Treatment provider stakeholders describe how near real-time SOS data can improve their opioid overdose response:

  • Help with community messaging, either pushed out into the community by their organizations or through their affiliated hospitals. In identifying hot spots with high overdose incident numbers, providers can work on messaging specific to these areas. For example, one large hospital has released a series of billboards promoting their hospital as a safe place for newborns and preemies, which helps to support a provider that specifically cares for pregnant and postpartum mothers. This same concept can be applied to opioid overdose.
  • Help create new treatment protocols within hospital emergency departments. Compassion fatigue can have a particular impact on emergency department providers who treat large amounts of overdose patients and often the same patients presenting repeatedly with overdose. Stakeholders anticipate use of near real-time data to be helpful in communicating the extent and demographics of the opioid epidemic in the community to emergency department providers. This would be done to show the reach that the opioid epidemic has and to encourage a renewed sense of purpose among providers. Stakeholders are hopeful that connections with hospital, emergency department, and EMS providers will continue to grow and use of the SOS data reports will encourage this growth.
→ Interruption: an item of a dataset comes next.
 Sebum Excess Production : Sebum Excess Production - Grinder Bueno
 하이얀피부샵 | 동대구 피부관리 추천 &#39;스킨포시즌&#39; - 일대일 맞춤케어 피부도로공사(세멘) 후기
Impacts of COVID-19 on Treatment Provider Stakeholder Response

COVID-19 required treatment provider stakeholders to adapt to how they delivered services and how they were able to connect with patients.

  • Quarantine and distancing: Facilities that provide services such as detoxification had to expand available bed space to conform to new COVID-19 safety protocols (e.g., creation of quarantine areas to distance those exposed).
  • Shift to virtual meetings: Peer recovery coaches were unable to respond in-person within emergency departments to connect patients with the necessary available resources. They transitioned to conducting interviews via phone or another virtual meeting platform.

Treatment provider stakeholders were one group particularly affected by the COVID-19 pandemic, but these stakeholders were also highly adaptable, finding solutions to address the areas of treatment most impacted by COVID-19.